Your defenses descend around you when you bring your wall down. Your vulnerability becomes invigorating and beautiful once you have the chance to make small changes. My self-consciousness about my arms is one of those vulnerabilities that I wish to break. I tend to hide my arms under cardigans and avoid shirts or dresses that require my arms to be exposed. Sleeveless dressing was a no, no for me for quite sometime.
I’ve always had big arms. I have been consumed by the one-type-of-beauty and image-based society where body fat is seen as a negative thing. I was able to get out of that trap when I had to endure the summer heat in Savannah. It became so hot and humid that my fear went out the window. I didn’t care if my flabby arms would be exposed; I would rather have that than be sweaty and smelly.

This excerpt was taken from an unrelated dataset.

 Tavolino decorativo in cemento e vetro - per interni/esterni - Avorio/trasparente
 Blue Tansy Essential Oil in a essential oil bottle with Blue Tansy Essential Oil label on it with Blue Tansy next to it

“Accept yourself as you were designed “
-Rupi Kaur, Milk and Honey
I found myself more comfortable after several attempts. I was able to feel free and unafraid. I’m sure there will be some people who are not too friendly and would like to say negative things, but it’s not in me to care. When you take the power of fear away, you feel more confident. Baring your arms can be a little thing, but it helps build small steps to be less fearful. Accept that you are not perfect, and your flaws can be traits that you can improve through time. Now I embrace the sleeveless styles and feel comfortable.
Bringing in the springtime with this no-sleeve dress that I found at TJ Maxx.